Second Opinion: The party of the anti-Charter

In his speech at the Liberal leadership convention last November, Paul Martin noted with pride his party’s historic support for the Charter of Rights and Freedoms, with special reference to the adoption of same-sex marriage.

The denial of basic rights to individuals and to minorities, he observed, affects all Canadians.
Noting the recent cancellation of the Court Challenges Program, he gave this assurance, “We are the party of the Charter and under a Liberal government your rights will never depend upon the state of your pocketbook.”

Stephane Dion, the new Liberal leader, prior to the Commons vote on the same sex marriage issue in December, stated “you don’t pick and choose rights.”

If the Liberal Party is “the party of the Charter,” how would one describe the Conservative Party?
The Conservative government does not attack the instrument directly, through the override clause or constitutional amendment. It purports to advocate the social status quo absent legislative change; it repudiates “judicial activism.”

The government’s approach to the Charter is nonetheless aggressive. It has terminated or eviscerated longstanding programs and policies necessary to effectuate the Charter’s transformative purposes.

The government underplays this agenda through the strict communication codes on “social issues” that applied during the recent election and continue in application to by-elections, members of parliament, and even to cabinet ministers. This cone of silence leaves the government’s actions to speak for themselves.

The cancellation of the Court Challenges Program is a case in point.
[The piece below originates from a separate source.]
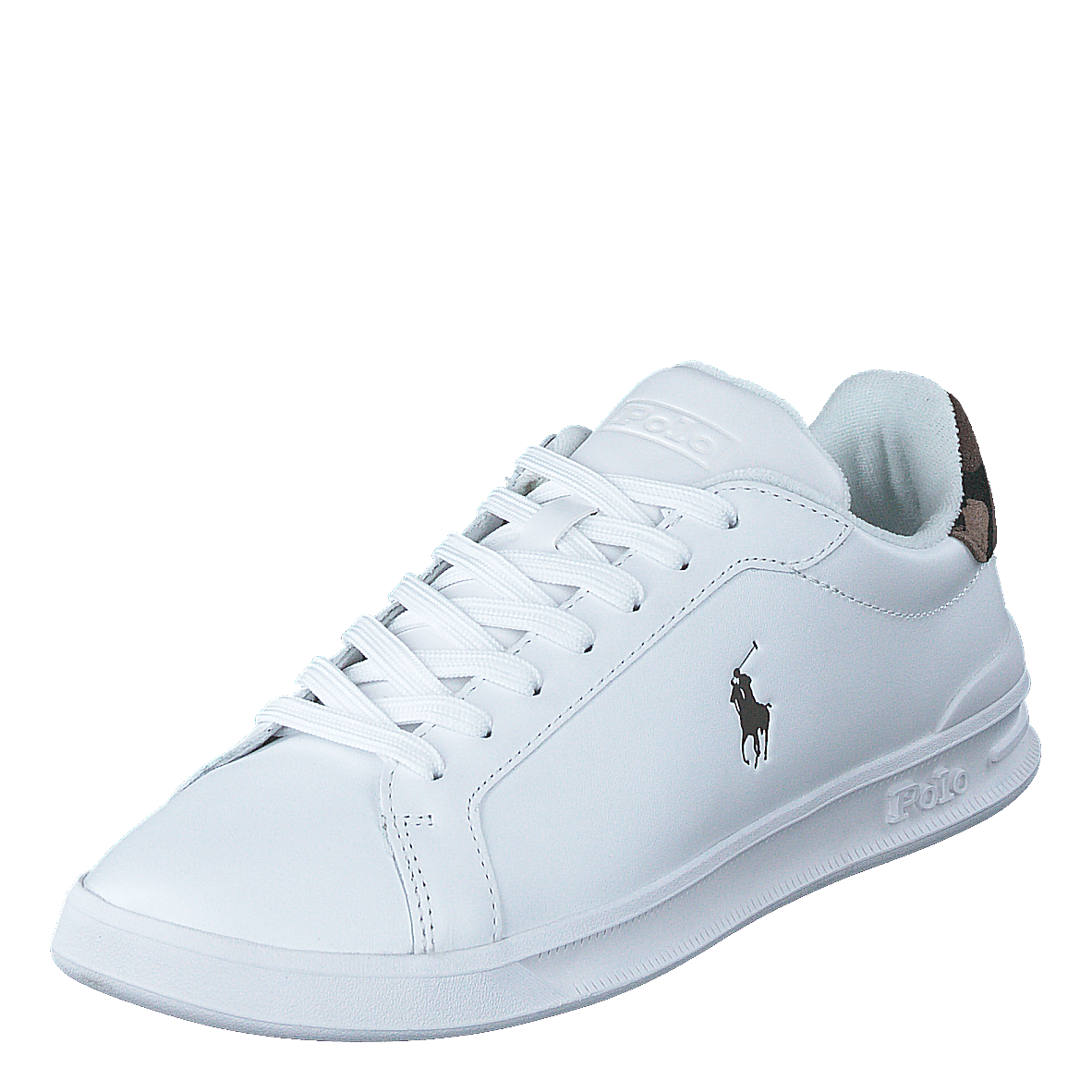 Polo Ralph Lauren Leather CT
This long-standing, low cost program supported Charter litigation by funding test case development and public interest interventions. In the future, public funds will support only the Ministry of Justice’s opposition to Charter rights claims.

Status of Women Canada survives, but with much reduced funding. It has lost two crucial mandates: full political participation by women in Canadian society and the realization of equality. The new rules cut off funding for advocacy, lobbying, and general research in favour of “project” funding.

The government thus set aside three decades of support for the full integration of women into all facets of Canadian society. This funding enabled public interest groups to build expertise, organization skills, infrastructure, and a knowledge base that facilitated the Charter’s adoption and ensured inclusion of its strong affirmation of women’s equality.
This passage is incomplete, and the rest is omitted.